■ **WORK REQUEST**: Output the data in full and exactly as presented.

Top of DATASET RECORDS

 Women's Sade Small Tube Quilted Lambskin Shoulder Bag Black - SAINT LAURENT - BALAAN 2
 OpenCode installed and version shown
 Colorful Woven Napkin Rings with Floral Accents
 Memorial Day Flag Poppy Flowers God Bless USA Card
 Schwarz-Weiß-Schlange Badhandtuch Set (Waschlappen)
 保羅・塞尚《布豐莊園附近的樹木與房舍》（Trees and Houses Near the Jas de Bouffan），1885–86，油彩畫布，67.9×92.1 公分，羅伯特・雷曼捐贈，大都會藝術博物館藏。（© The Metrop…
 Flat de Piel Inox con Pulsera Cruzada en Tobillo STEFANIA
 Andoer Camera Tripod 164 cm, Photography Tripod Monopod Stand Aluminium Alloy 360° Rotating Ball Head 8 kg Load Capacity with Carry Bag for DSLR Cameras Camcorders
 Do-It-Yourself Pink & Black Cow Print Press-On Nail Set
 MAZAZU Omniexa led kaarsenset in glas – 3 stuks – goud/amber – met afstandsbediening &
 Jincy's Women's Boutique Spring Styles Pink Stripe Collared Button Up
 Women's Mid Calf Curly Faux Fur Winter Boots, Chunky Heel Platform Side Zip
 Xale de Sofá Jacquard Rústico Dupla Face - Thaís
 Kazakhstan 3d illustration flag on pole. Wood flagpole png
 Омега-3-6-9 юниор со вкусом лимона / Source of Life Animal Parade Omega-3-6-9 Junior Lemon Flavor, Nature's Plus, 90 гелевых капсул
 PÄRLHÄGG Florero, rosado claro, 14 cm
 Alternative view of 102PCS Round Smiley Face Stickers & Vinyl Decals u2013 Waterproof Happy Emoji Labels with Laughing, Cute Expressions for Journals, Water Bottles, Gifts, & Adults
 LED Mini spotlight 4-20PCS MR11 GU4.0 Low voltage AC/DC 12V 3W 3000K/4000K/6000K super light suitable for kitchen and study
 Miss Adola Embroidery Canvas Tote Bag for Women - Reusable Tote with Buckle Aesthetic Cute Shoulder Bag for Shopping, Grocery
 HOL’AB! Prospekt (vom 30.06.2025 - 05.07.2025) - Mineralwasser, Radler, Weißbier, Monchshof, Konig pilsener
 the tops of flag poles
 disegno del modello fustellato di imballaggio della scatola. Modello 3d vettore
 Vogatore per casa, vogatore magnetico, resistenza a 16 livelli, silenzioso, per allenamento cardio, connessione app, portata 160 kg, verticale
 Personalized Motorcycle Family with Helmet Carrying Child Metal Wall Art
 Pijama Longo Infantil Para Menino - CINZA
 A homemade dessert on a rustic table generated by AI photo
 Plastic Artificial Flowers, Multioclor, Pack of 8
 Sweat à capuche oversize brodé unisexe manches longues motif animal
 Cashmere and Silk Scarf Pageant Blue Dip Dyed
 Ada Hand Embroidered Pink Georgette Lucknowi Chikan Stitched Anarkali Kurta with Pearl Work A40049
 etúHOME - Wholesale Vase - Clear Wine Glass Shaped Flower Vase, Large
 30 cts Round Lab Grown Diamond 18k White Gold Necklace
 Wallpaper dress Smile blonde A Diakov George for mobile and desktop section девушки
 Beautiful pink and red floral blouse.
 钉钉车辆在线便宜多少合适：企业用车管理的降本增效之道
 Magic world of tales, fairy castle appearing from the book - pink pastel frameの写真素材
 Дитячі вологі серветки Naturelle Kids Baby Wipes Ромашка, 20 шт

Bottom of DATASET RECORDS

■ **SOLUTION TO THIS TASK**:
 Women's Sade Small Tube Quilted Lambskin Shoulder Bag Black - SAINT LAURENT - BALAAN 2
 OpenCode installed and version shown
 Colorful Woven Napkin Rings with Floral Accents
 Memorial Day Flag Poppy Flowers God Bless USA Card
 Schwarz-Weiß-Schlange Badhandtuch Set (Waschlappen)
 保羅・塞尚《布豐莊園附近的樹木與房舍》（Trees and Houses Near the Jas de Bouffan），1885–86，油彩畫布，67.9×92.1 公分，羅伯特・雷曼捐贈，大都會藝術博物館藏。（© The Metrop…
 Flat de Piel Inox con Pulsera Cruzada en Tobillo STEFANIA
 Andoer Camera Tripod 164 cm, Photography Tripod Monopod Stand Aluminium Alloy 360° Rotating Ball Head 8 kg Load Capacity with Carry Bag for DSLR Cameras Camcorders
 Do-It-Yourself Pink & Black Cow Print Press-On Nail Set
 MAZAZU Omniexa led kaarsenset in glas – 3 stuks – goud/amber – met afstandsbediening &
 Jincy's Women's Boutique Spring Styles Pink Stripe Collared Button Up
 Women's Mid Calf Curly Faux Fur Winter Boots, Chunky Heel Platform Side Zip
 Xale de Sofá Jacquard Rústico Dupla Face - Thaís
 Kazakhstan 3d illustration flag on pole. Wood flagpole png
 Омега-3-6-9 юниор со вкусом лимона / Source of Life Animal Parade Omega-3-6-9 Junior Lemon Flavor, Nature's Plus, 90 гелевых капсул
 PÄRLHÄGG Florero, rosado claro, 14 cm
 Alternative view of 102PCS Round Smiley Face Stickers & Vinyl Decals u2013 Waterproof Happy Emoji Labels with Laughing, Cute Expressions for Journals, Water Bottles, Gifts, & Adults
 LED Mini spotlight 4-20PCS MR11 GU4.0 Low voltage AC/DC 12V 3W 3000K/4000K/6000K super light suitable for kitchen and study
 Miss Adola Embroidery Canvas Tote Bag for Women - Reusable Tote with Buckle Aesthetic Cute Shoulder Bag for Shopping, Grocery
 HOL’AB! Prospekt (vom 30.06.2025 - 05.07.2025) - Mineralwasser, Radler, Weißbier, Monchshof, Konig pilsener
 the tops of flag poles
 disegno del modello fustellato di imballaggio della scatola. Modello 3d vettore
 Vogatore per casa, vogatore magnetico, resistenza a 16 livelli, silenzioso, per allenamento cardio, connessione app, portata 160 kg, verticale
 Personalized Motorcycle Family with Helmet Carrying Child Metal Wall Art
 Pijama Longo Infantil Para Menino - CINZA
 A homemade dessert on a rustic table generated by AI photo
 Plastic Artificial Flowers, Multioclor, Pack of 8
 Sweat à capuche oversize brodé unisexe manches longues motif animal
 Cashmere and Silk Scarf Pageant Blue Dip Dyed
 Ada Hand Embroidered Pink Georgette Lucknowi Chikan Stitched Anarkali Kurta with Pearl Work A40049
 etúHOME - Wholesale Vase - Clear Wine Glass Shaped Flower Vase, Large
 30 cts Round Lab Grown Diamond 18k White Gold Necklace
 Wallpaper dress Smile blonde A Diakov George for mobile and desktop section девушки
 Beautiful pink and red floral blouse.
 钉钉车辆在线便宜多少合适：企业用车管理的降本增效之道
 Magic world of tales, fairy castle appearing from the book - pink pastel frameの写真素材
 Дитячі вологі серветки Naturelle Kids Baby Wipes Ромашка, 20 шт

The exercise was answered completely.